In Kooperation mit der Meduni Wien wurden zwei Stoffwechselstudien im Dirndltal mit Beteiligung der Bevölkerung und der ansässigen Ärzte durchgeführt.

Hier das Abstract dieser zweiten Stoffwechsel-Studie.

Auswirkungen Carnitin

A combination of (n-3) Polyunsaturated Fatty Acids, Polyphenols and L-Carnitine reduces the Plasma Lipid Levels and increases the expression of peroxisome proliferator-activated receptor alpha and enzymes involved in Fatty Acid oxidation in human peripheral blood mononuclear cells1-2

Autoren

Lohninger A3, Radler U3, Lienbacher G4, Krepp R4, Zeller E4, Brachinger M4,
Eller- Berndl D4, Fischer A4, Lechner S3, Anzur C6, Laschan C5 and Anderwald C7

Abstract

Hyperlipidemia and obesity are associated with the metabolic syndrome and an increased risk in the development of diabetes mellitus and cardiovascular disease. Lipid-lowering drugs are widely used to reduce this risk. Alternatively nutritionally supplements e.g. L-carnitine and (n-3)-polyunsaturated fatty acids (PUFAs) exert lipid-lowering effects, not at least, by increasing mitochondrial fatty acid oxidation. The aim of the present, prospective, placebo-controlled, double-blind study in hyperlipidemic subjects was to assess the effect of low-fat yoghurt consumption enriched with a combination of PUFAs, polyphenols and L-carnitine (PPC) on plasma lipids and enzyme expression involved in regulation of FA-oxidation in peripheral blood mononuclear cells (PBMCs).
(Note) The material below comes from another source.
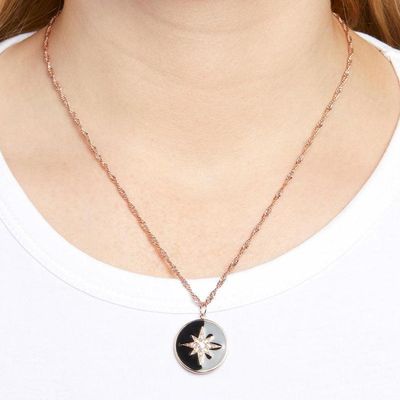 Imagen 2 del producto Collar Olivia Burton Mujer OBJCLN09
Twenty-two moderately hyperlipidemic obese humans consuming PPC twice daily for 12 weeks, were compared with twenty matching participants ingesting low-fat yoghurt enriched with vitamins C and E.

PPC consumption led to significantly reduced (P<0.05) plasma free fatty acid (FFA -29%) and triglyceride (TG -24%) concentrations. In subjects older than 55 years, FFA levels decreased by 37% (P<0.01), whereas the TG lowering effect depends rather on TG concentration at baseline. PPC administration resulted in a moderately decreased portion of saturated FA and a moderately increased percentage of monounsaturated FA on plasma FFA.

Moreover PPC application increased the PPARα relative mRNA abundances 2.6 fold (P<0.05) in PBMCs, whereas the expression of SREBP1c was down-regulated by a factor 0.8. In addition the relative mRNA abundances of PPARα target genes CPT1A, CPT1B, CRAT and OCTN2 were enhanced by a factor of (2.1, 1.8, 2.1, and 2.7, respectively each P<0.05). In controls, plasma lipid levels and PBMC gene-expression did not change after 12 weeks.

Conclusion

In conclusion the supplementation of PPC had marked lipid lowering effects and the results provide convincing evidence, that PBMC gene expression profiles reflect nutrition-related metabolic changes.